Abstract

In the following analysis of forty-six songs I have attempted to describe the genre of san-ch'u as it was practised by writers of the Yuan Dynasty. To accomplish this I felt the most significant points were technique of composition and the manner in which it produced effective imagery. Although critical appraisal is an inevitable part of any analysis, here it is used as often to shed light on the appreciation of a song within the original circum-stances of its composition and performance as it is to make general comparisons with other poetry. I felt it legitimate to praise songs that are interesting as poems but have usually qualified any criticism of those that are not good by modern critical standards because it is often our lack of essential information, specifically the music to which it was written, that makes some san-ch'u appear mediocre to us now.
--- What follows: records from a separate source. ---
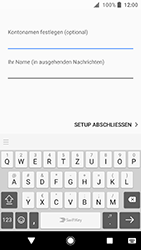 Sony Xperia XA2 - E-Mail - Konto einrichten - 1 / 1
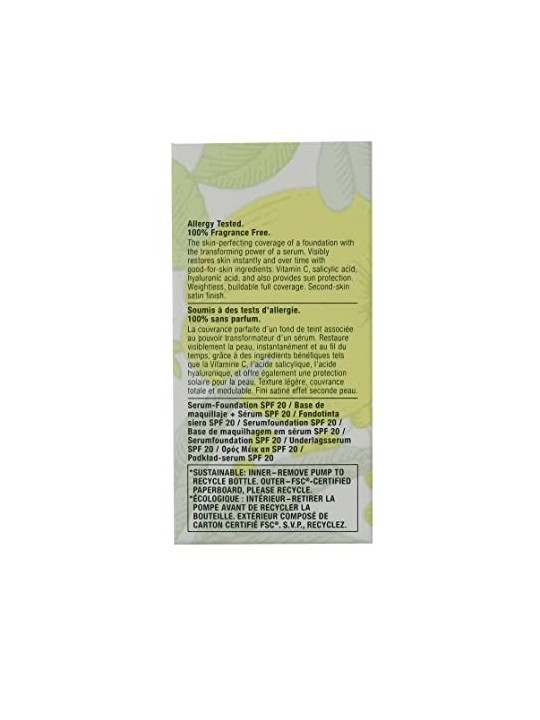 Even Better Clinical Serum Foundation Fondotinta SPF20 CN 52 Neutral 30ml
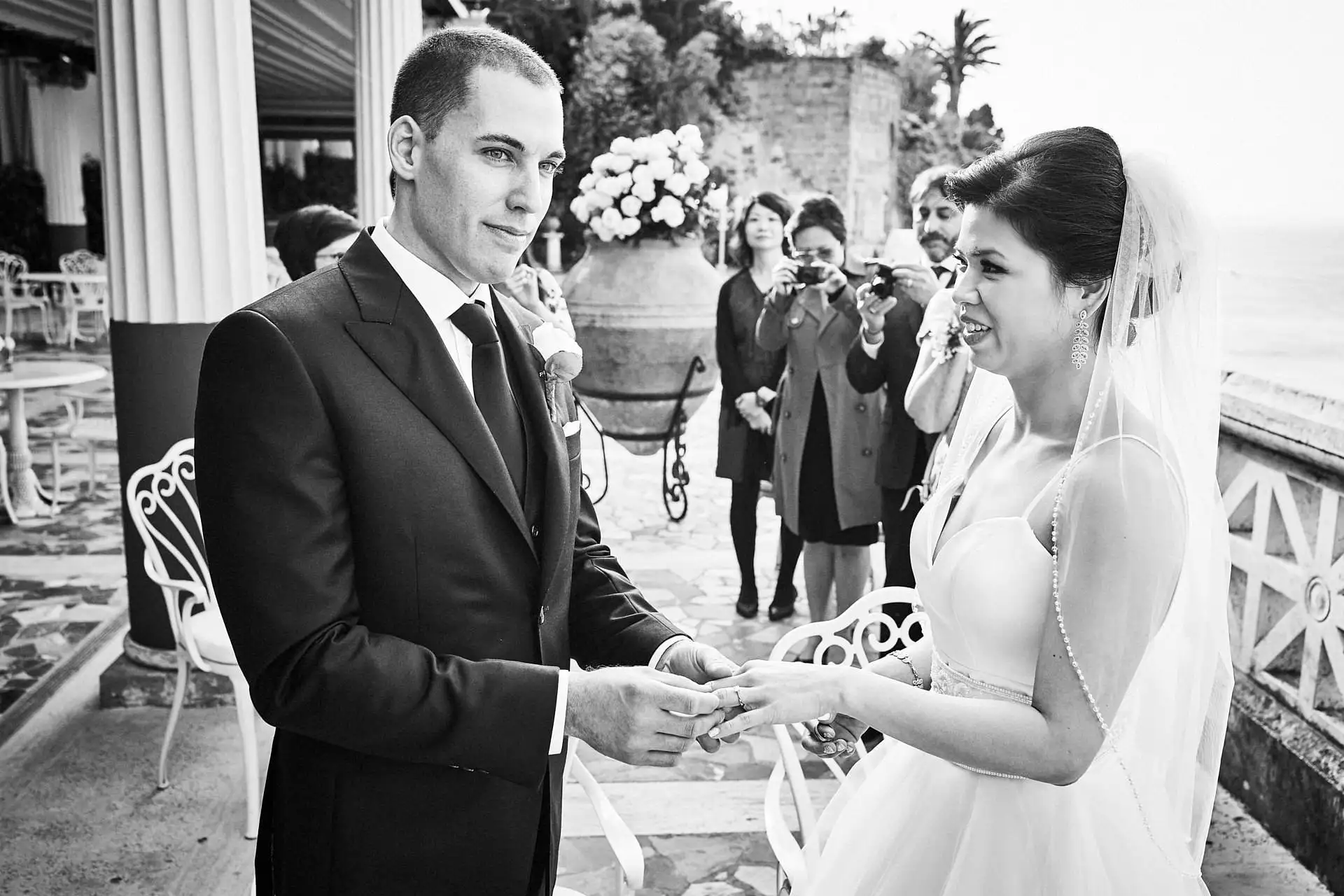 hotel bellevue syrene wedding sorrento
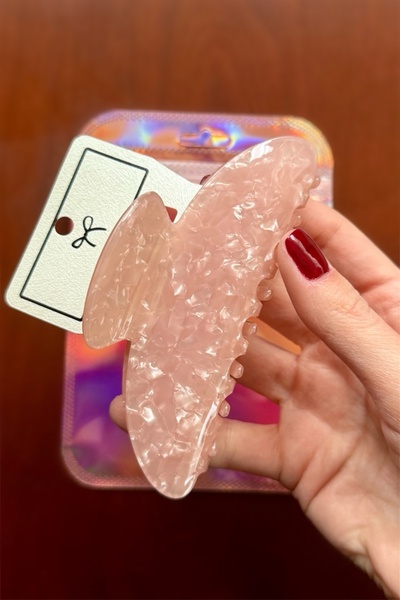 Metanoyaco Pembe Sedefli Mandal Toka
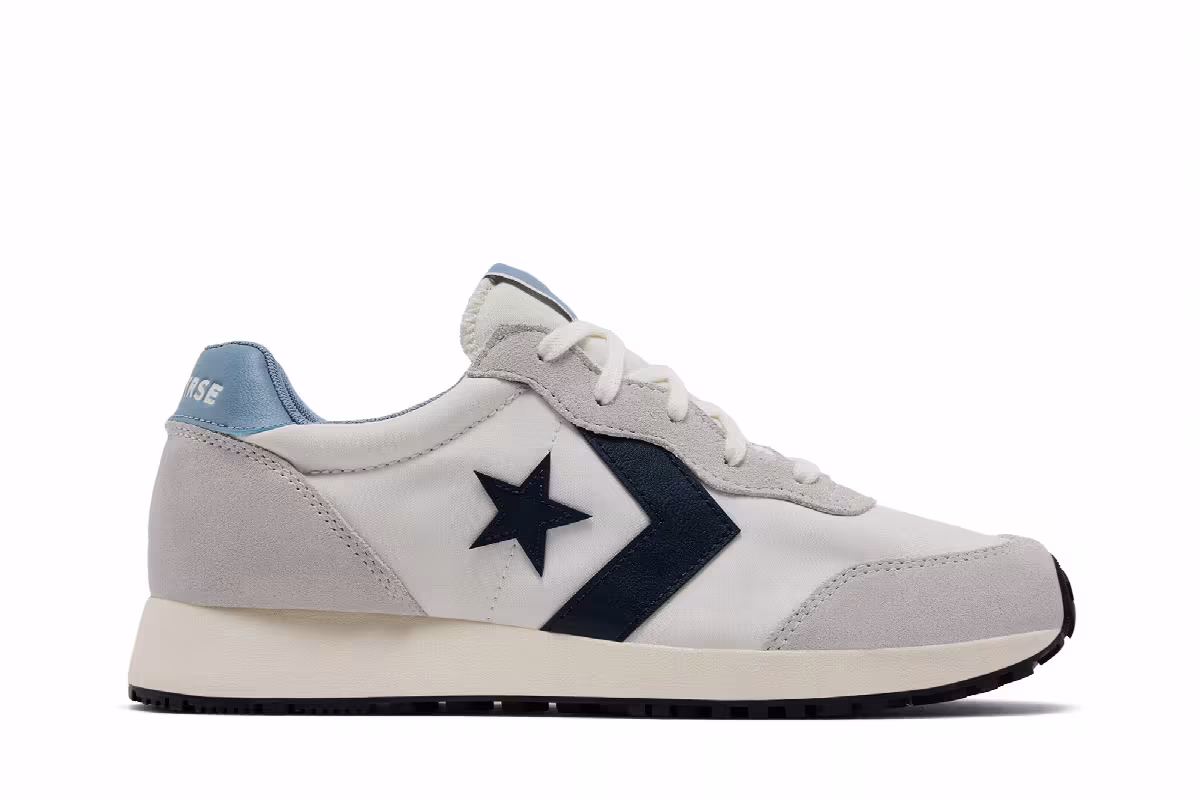Converse Omega Trainer Barely Grey Black, view 2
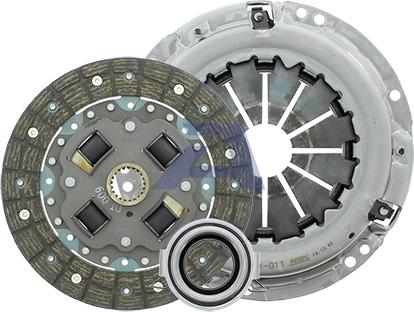 AISIN KT-036A - Kit frizione www.autoricambi360.it
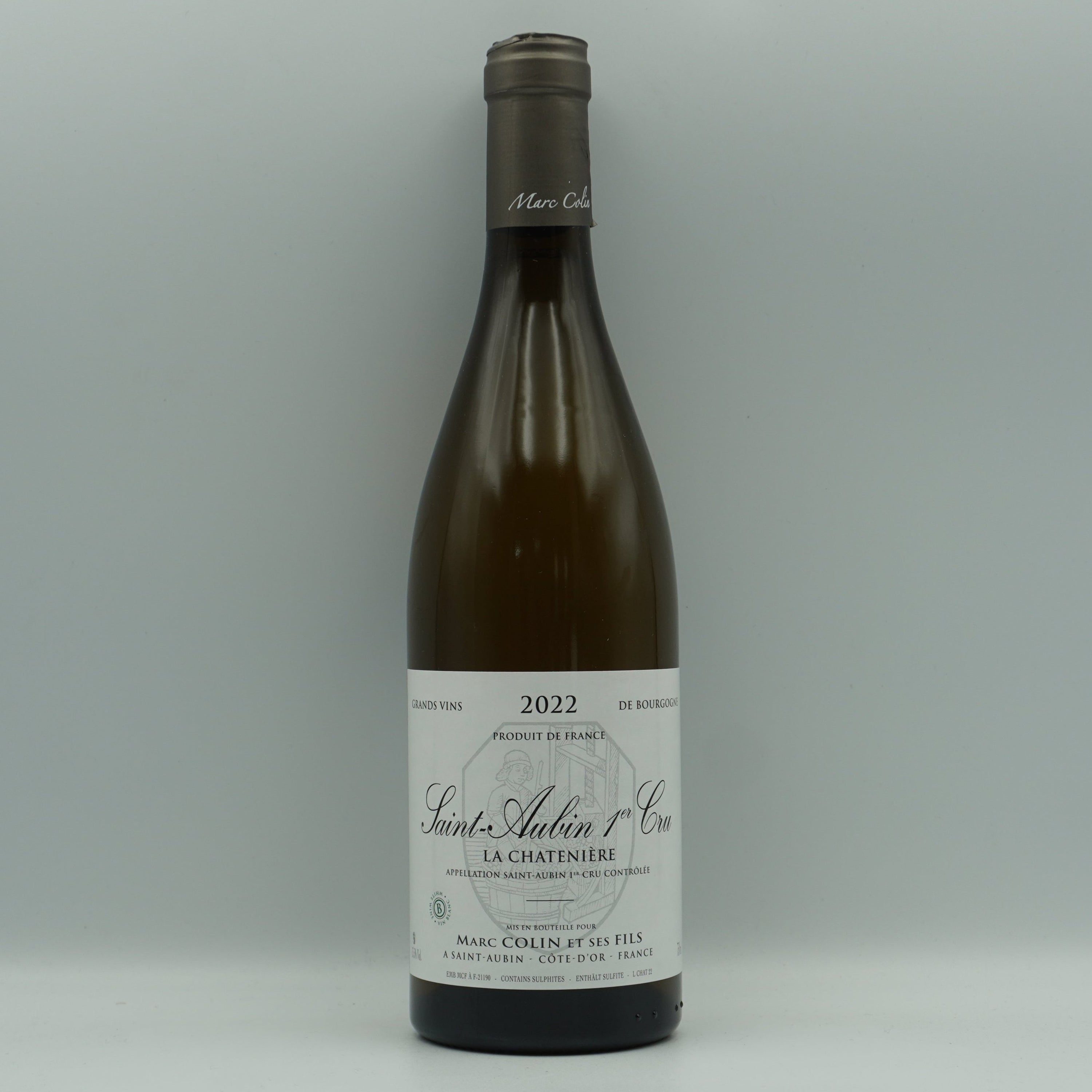 Domaine Marc Colin, Saint Aubin 1er Cru 'La Chateniere' 2022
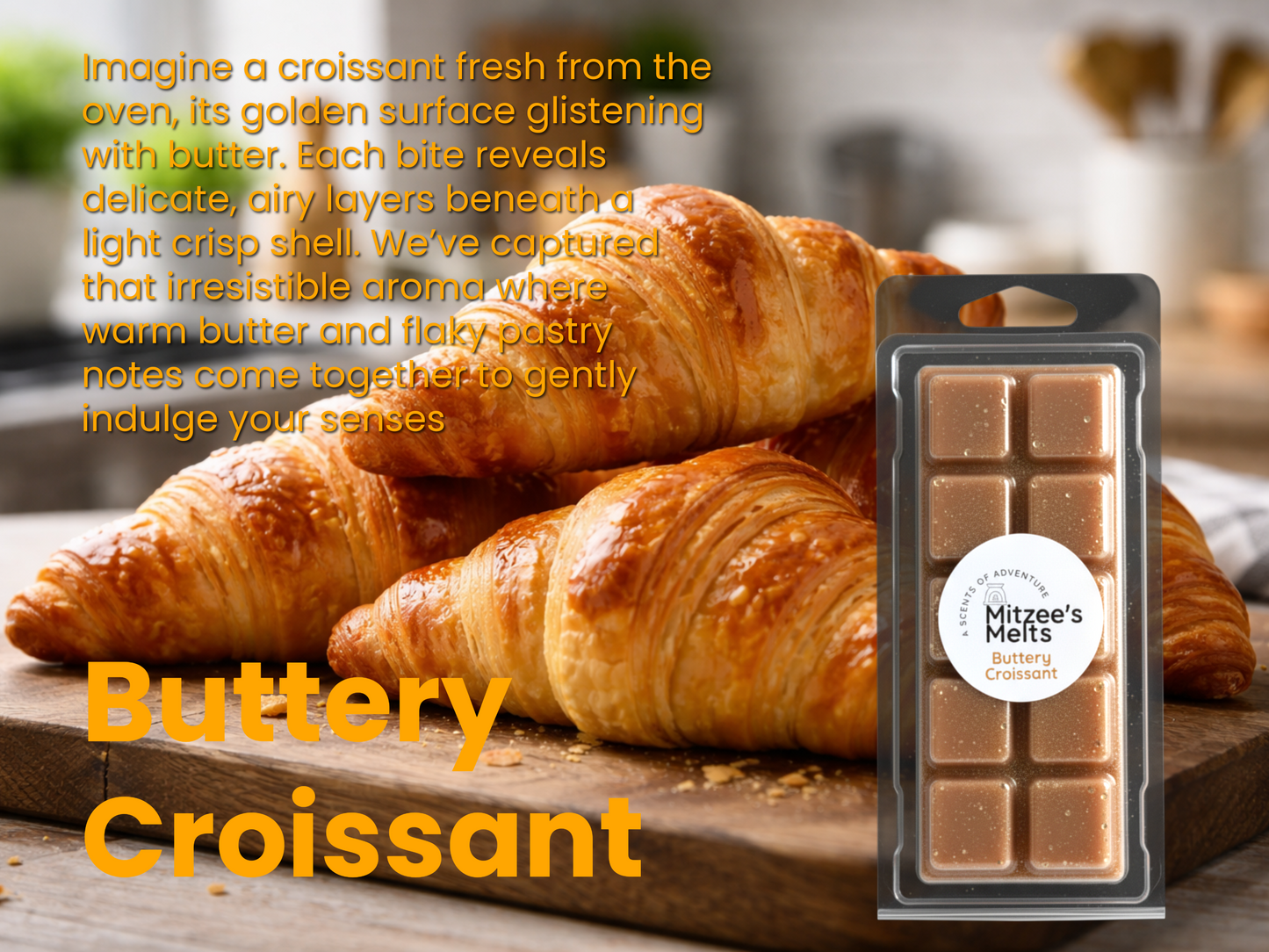 BUTTERY CROISSANT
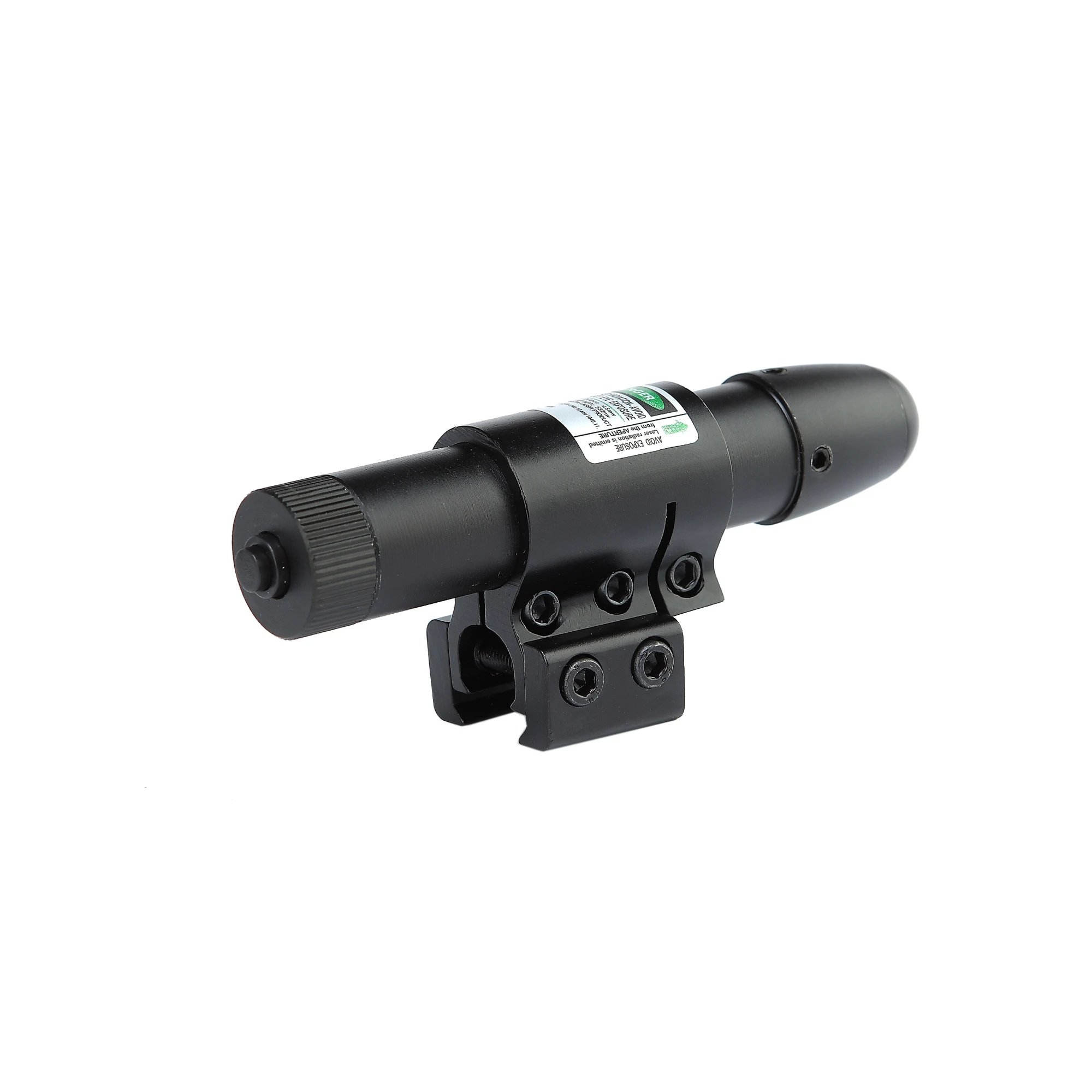 MZJ Optics Outdoor Tactical Green Dot Laser Sight With Pressure Switch Barrel Mount Hunting Laser Sight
To have judged the songs solely as poetry would have given a distorted view of the genre as it existed in the Yuan Dynasty. In every way as essential as the description of san-ch'u is the need to outline certain aspects of poetic composition that are characteristic of san-ch'u and Chinese poetry in general, aspects that a Chinese reader is able to take for granted but without an understanding of which a foreign student of Chinese poetry can hardly progress beyond the meanings of words alone. Although a great share of the work has taken the form of studies in technique, i.e. metre, rhyme, colour, repetition patterning and figuration, I have aimed at seeking out and remarking on the poetic effects and imagery that the various techniques are able to produce.